Why not have it now for tomorrow & then you'll be sorted!


----------



## Bubbly Scot (30 Apr 2009)

Graham_07 said:


> Sounds nice but funnily enough I could never stomach coffee with egg/sausage/bacon, it had to be tea. Then again Café au lait with 2 fresh croissants & homemade jam . . .mmm. ( my Saturday morning breakout after the farmers market. )



To be honest, it would be tea but for the fact I have this at work where it's all "on tap". I just need to time by brekkie break for when the coffee is freshly brewed, eggs freshly fried and the rolls are just out of the oven.

If I want to have tea I'd have to make that myself 

Saturday mornings, Mr Bubbly brings all his "girls" breakfast in bed. Usually toast, scones or my current fav.....pancakes with mashed banana and warm chocolate spread.


----------



## Graham_07 (30 Apr 2009)

csirl said:


> . . . regular coffee with only a little milk and porridge.


 
I do like honey in my porridge but not porridge in my coffee.


----------



## ophelia (30 Apr 2009)

Just heard Patrick Holford (famous English Nutritionalist) talking to Pat Kenny - he said that you get the same amount of sugar from one bowl of cornflakes as you would in 4 bowls of oat flakes. Also that the amount of raisins in general muesli is far too much sugar to consume in the morning - it will just give a sugar rush. Oatflakes with prunes or plums is a much better choice, or  an apple eaten with some sunflower seeds or nuts - he said you won't feel hungry if you mix an apple or pear with seeds or nuts. A banana is a surprisingly fast sugar release food and should not be consumed for elevenses if in a sedentry job. He also gave the amazing fact that the sugar content of one whole punnet of strawberries equats to that of just one date! I have a couple of his books and find he talks alot of sense.


----------



## Smashbox (30 Apr 2009)

ninsaga said:


> Why not have it now for tomorrow & then you'll be sorted!


 
I like that idea, although I could never bring myself to eat cereal in the evenings or anytime but morning!


----------



## ninsaga (30 Apr 2009)

Have a fry up!


----------



## JJ1982 (30 Apr 2009)

ophelia said:


> Just heard Patrick Holford (famous English Nutritionalist) talking to Pat Kenny - he said that you get the same amount of sugar from one bowl of cornflakes as you would in 4 bowls of oat flakes. Also that the amount of raisins in general muesli is far too much sugar to consume in the morning - it will just give a sugar rush. Oatflakes with prunes or plums is a much better choice, or  an apple eaten with some sunflower seeds or nuts - he said you won't feel hungry if you mix an apple or pear with seeds or nuts. A banana is a surprisingly fast sugar release food and should not be consumed for elevenses if in a sedentry job. He also gave the amazing fact that the sugar content of one whole punnet of strawberries equats to that of just one date! I have a couple of his books and find he talks alot of sense.

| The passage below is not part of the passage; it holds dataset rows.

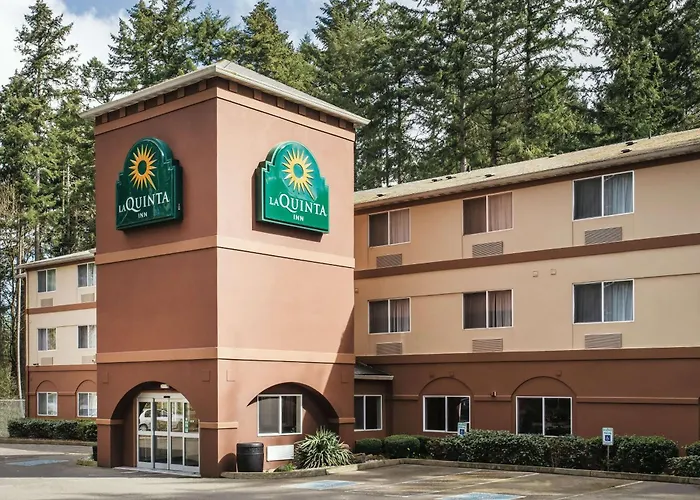 La Quinta Inn By Wyndham Olympia - Lacey
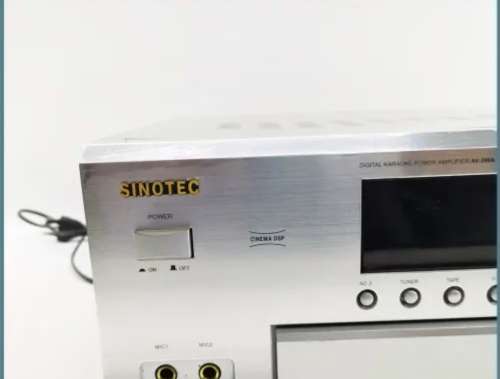 Sinotec Receiver Amplifier AV- 398A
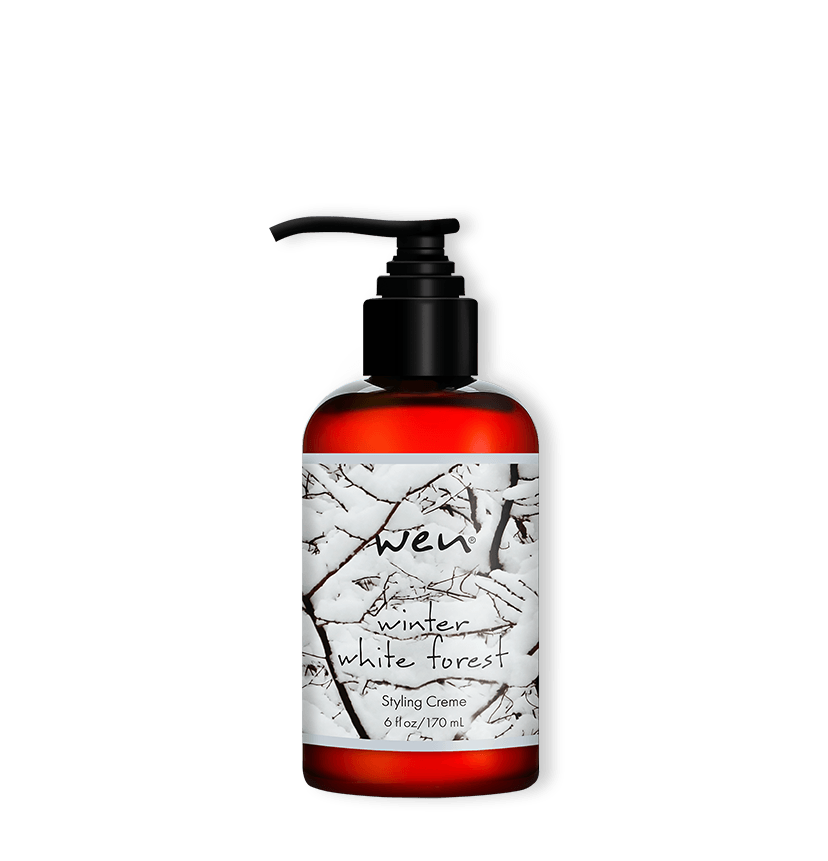 Winter White Forest Styling Creme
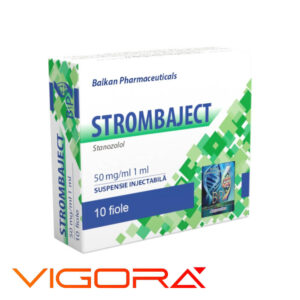 Comprar Strombaject 50 mg/ml Balkan Pharmaceuticals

Me too. I actually have granola for breakfast now after reading all his stuff. Lizi's granola original is the best one as its got no dried fruit in it which hike up the sugar levels. I get til about 12:15 on it then i am hungry!! I none of the people from www.holfordwatch.com are looking at this, they freak over Patricks theories!


----------



## Smashbox (30 Apr 2009)

ninsaga said:


> Have a fry up!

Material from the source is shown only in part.